Figure 9 compares epoxide concentrations from experiments and simulations at 100 °C, showing good agreement with a difference of ~ 0.20. However, deviations were observed in epoxide formation between 30 and 40 min in the simulation. This discrepancy arises because the MATLAB simulation assumes ideal conditions without accounting for heat loss or transfer, while experimental data reflects real, empirical conditions. Besides that, the experimental data and the kinetic model for the epoxidation of palm stearin may result from model simplifications, such as assuming ideal conditions, neglecting side reactions, or using constant rate parameters. Experimental uncertainties, including measurement errors and temperature inconsistencies, may further contribute. Conducting sensitivity analyses and additional experiments under varied conditions could validate the refined model and provide deeper insights into the reaction system.

Fig. 9

Oxirane oxygen content between experiment and simulation.

Conclusion

In this study, epoxidation utilizing non-edible vegetable oils as a sustainable alternative to traditional petroleum-based products significantly advances eco-friendly technologies. These methods will lower fossil fuel dependency and promote sustainability and environmental conservation through worldwide efforts to promote more environmentally friendly industrial processes. The process involves the catalytic epoxidation of unsaturated fatty acids in palm stearin through an in situ peracetic acid mechanism. The highest RCO was achieved, 43.06% at 70 °C, 200 rpm, with 0.8 g catalyst and molar ratios of 1:1 acetic acid and 0.5:1 hydrogen peroxide to palm stearin. The FTIR result showed that the C = C bonds were successfully changed into epoxide of palm stearin. This is shown by the fact that no 1650–1600 cm⁻³ range and epoxide peaks formed in the 1242.76 and 1097.42 cm⁻¹. This result validates the chemical structural change and supports the efficacy of the process.

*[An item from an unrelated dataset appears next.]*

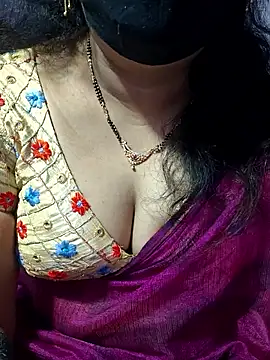 luci-queen online show from 12/22/25, 02:44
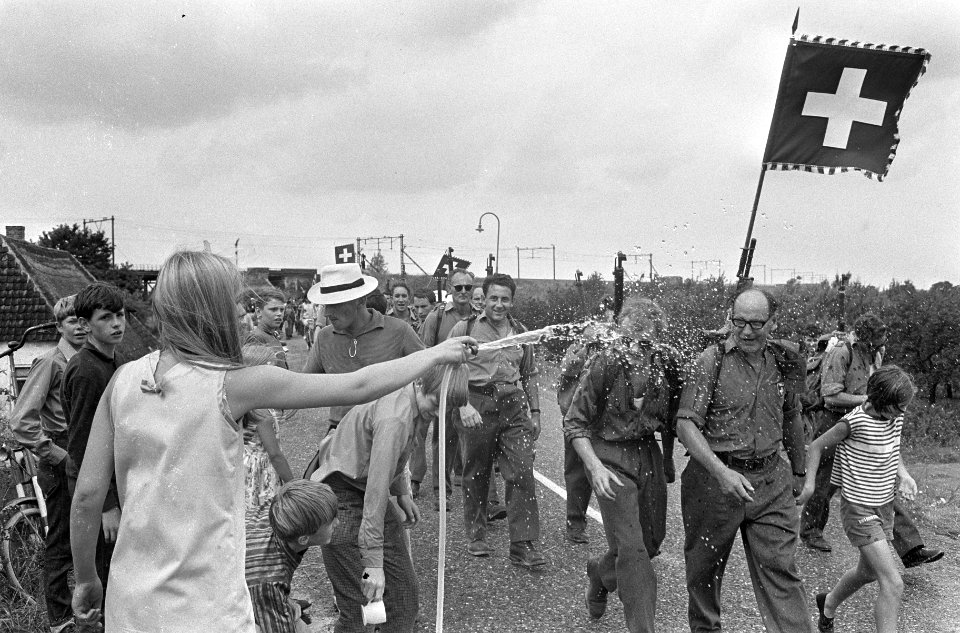 Eerste dag Vierdaagse Nijmegen. Zwitserse militairen, Bestanddeelnr 920-5387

According to the SEM results, the zeolite ZSM-5 catalysts showed high porosity and surface area, which improved the catalytic performance and facilitated the epoxidation reaction. The findings indicate that the zeolite ZSM-5 catalyst is efficient and recyclable, offering a sustainable alternative for industrial applications. The strong correlation between experimental results and kinetic modelling confirmed the process’s efficiency. Therefore, from this study, the knowledge and data will offer valuable data on the effects of various parameter levels on the epoxidation rate of palm stearin, providing a helpful reference for future researchers. Future research is recommended to emphasise optimizing catalyst properties to enhance the catalyst’s reusability and efficiency and study the long-term performance of epoxidized products in industrial applications. Furthermore, to mitigate the environmental impact by studying green oxidants and solvent-free systems, it is essential to conduct thorough life cycle assessments (LCA) and scale up processes to ensure sustainability and commercial feasibility.